▶ WORK INSTRUCTION:
Drop the pictures and restate the rest of the listing word for word.

▶ INFORMATION PROVIDED:
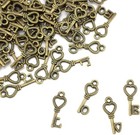 Old Vintage Antique Skeleton 100 Keys Lot Small Large Bulk Necklace Pendant Cra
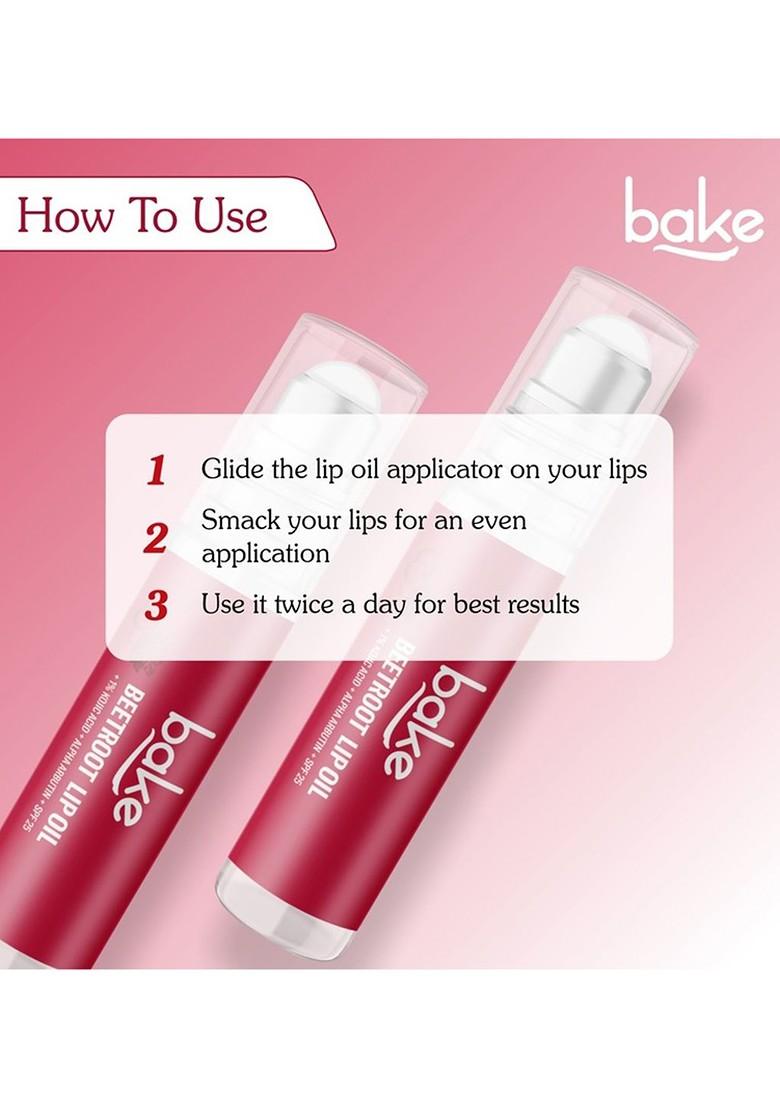 Bake Beetroot 1 Kojic Acid Oil For Dark Pigmented Lips With Spf 25 Tinted Lip 15 G
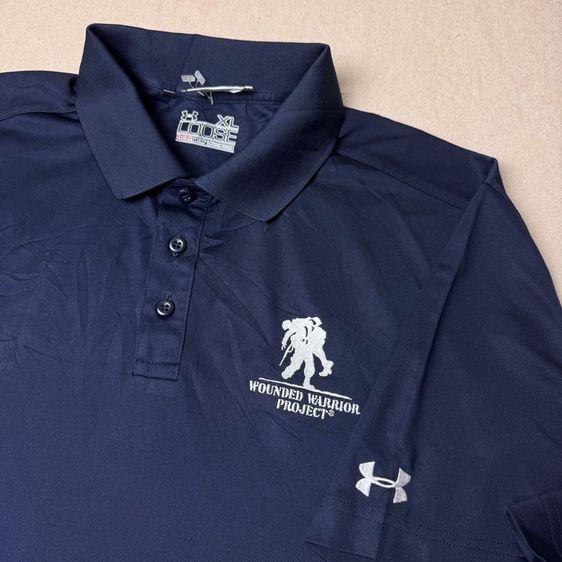 เสื้อคอปกผ้ากีฬา​ Under Armour​ Size XL​ รูปที่ 2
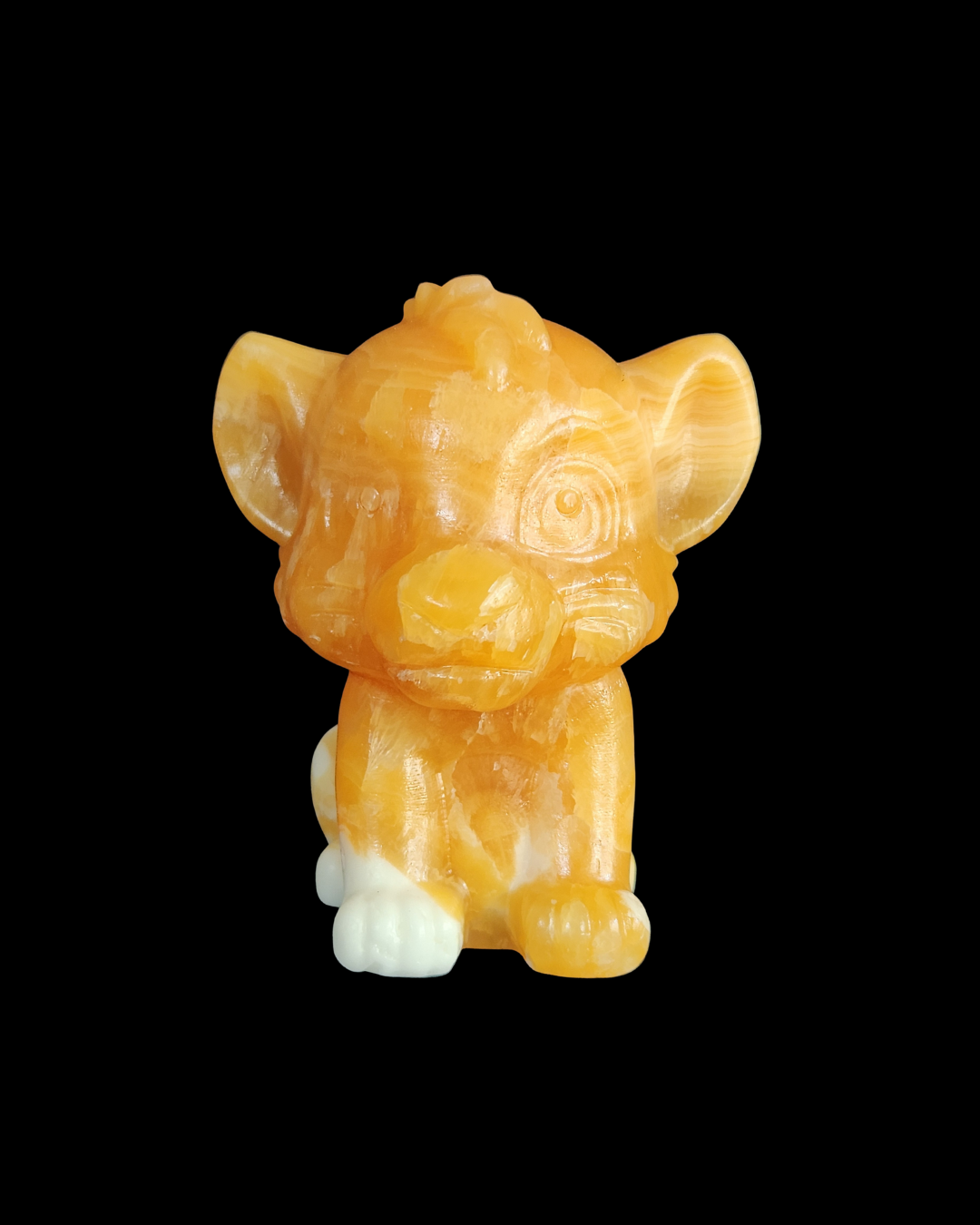 Lion - Yellow Calcite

▶ SOLUTION TO THIS TASK:
 Old Vintage Antique Skeleton 100 Keys Lot Small Large Bulk Necklace Pendant Cra
 Bake Beetroot 1 Kojic Acid Oil For Dark Pigmented Lips With Spf 25 Tinted Lip 15 G
 เสื้อคอปกผ้ากีฬา​ Under Armour​ Size XL​ รูปที่ 2
 Lion - Yellow Calcite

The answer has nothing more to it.